Le tandem se sépare après Un vrai cinglé du cinéma, où Martin et Lewis jouent superbement mais à côté l’un de l’autre, mais le virus du cinéma ne quittera plus le grand dadais, parfaite icône adolescente, qui partagera désormais son temps entre les films de Tashlin (six films, presque tous indispensables, entre 1958 et 1964) et ses propres œuvres. Lewis a en effet signé avec la Paramount un contrat digne de Chaplin, ce qui lui permettra d’écrire, du Dingue du Palace (1960) aux Tontons farceurs (1965), quelques-unes des plus belles pages du cinéma comique. Robert Benayoun et l’équipe de Positif en tête, promptement suivis par les rédacteurs des nouveaux Cahiers du cinéma (version Filipacchi) et l’ensemble de la jeune garde, la critique française exulte. Au moment où les Américains, rancuniers et vexés dans leur amour-propre, prennent définitivement congé d’un comique jugé abscons, on reconnaît de l’autre côté de l’Atlantique une œuvre exceptionnelle, délivrée en un peu plus d’un lustre et composée d’une douzaine de films dont Lewis est la vedette et presque toujours l’auteur.

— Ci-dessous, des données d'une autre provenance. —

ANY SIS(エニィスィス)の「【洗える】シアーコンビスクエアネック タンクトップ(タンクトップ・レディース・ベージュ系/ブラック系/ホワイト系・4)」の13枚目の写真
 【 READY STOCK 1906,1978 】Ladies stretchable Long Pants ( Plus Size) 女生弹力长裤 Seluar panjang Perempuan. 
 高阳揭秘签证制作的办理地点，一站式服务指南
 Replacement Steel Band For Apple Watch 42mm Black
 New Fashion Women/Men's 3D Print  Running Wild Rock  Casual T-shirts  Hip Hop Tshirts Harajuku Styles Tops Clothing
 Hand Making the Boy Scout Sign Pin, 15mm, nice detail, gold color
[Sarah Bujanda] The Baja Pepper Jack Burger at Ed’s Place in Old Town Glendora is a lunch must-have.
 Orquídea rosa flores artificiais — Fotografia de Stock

Les Français apprécient à juste titre un auteur-acteur digne descendant d’une haute lignée cinématographique, celle d’un Chaplin, d’un Keaton, d’un Tati. Lewis a souvent reconnu sa dette à l’égard d’un Stan Laurel, qu’il désigne comme le grand clown blanc du cinéma, mais son personnage est beaucoup trop éclectique pour jouer dans ce seul registre. Ses inventions visuelles et sonores sont tantôt au service d’une pulsion de domination, métaphore de la mise en scène (lorsqu’il dirige un conseil d’administration imaginaire sur un air de Count Basie), tantôt dévolus au contraire à la machination d’une inéluctable catastrophe. La gamme du comique va du gag explosif au slow burn, de la gaffe incongrue à la méticuleuse destruction. Les personnages sont innombrables – on l’aime bien en présentateur de télévision japonais, par exemple.
Mais, avec ses propres films, Lewis fait franchir une étape au cinéma comique visuel et sonore. Le gag s’inscrit dans le temps ; le plan règne, et le guignol s’affiche en auteur en toute lucidité. Le retour du silence – refoulé du burlesque – est d’entrée de jeu la clé de son œuvre. Évident démarquage de Laurel, Stanley le groom ne parle pas dans Le Dingue du Palace : on ne lui avait pas demandé. Chacun des films suivants jouera sur le paradoxe de l’affirmation d’un style hérité du muet – inacceptable pour le public américain – et de la reconquête de la parole par le personnage. Le dédoublement de la personnalité guette peu à peu le cinéaste qui réfléchit vite ses interrogations (Le Zinzin d’Hollywood) et prend directement pour thème sa hantise en une savoureuse reprise d’un grand mythe moderne (Docteur Jerry et Mister Love). Jusqu’à l’étonnant Tontons farceurs (The Family Jewels est peut-être un titre plus élégant…) où, jouant les différents oncles d’une petite fille, il tombe le masque – et dit prématurément adieu à son cinéma – en insistant sur le rôle d’Everett, le clown qui déteste les enfants. La boucle est bouclée.
Lewis fera la même erreur que Sturges et quittera le Paramount. Sans pour autant bouder les œuvres tardives, comme le mélancolique Smogäsbord, il faut avant tout redécouvrir et célébrer ces riches heures du burlesque moderne des années 1960, indispensable chaînon qui relie Jacques Tati à Peter Sellers chez Blake Edwards, notamment dans The Party avec la création du personnage de Hrundi V. Bakshi, le plus célèbre des figurants hindous à Hollywood.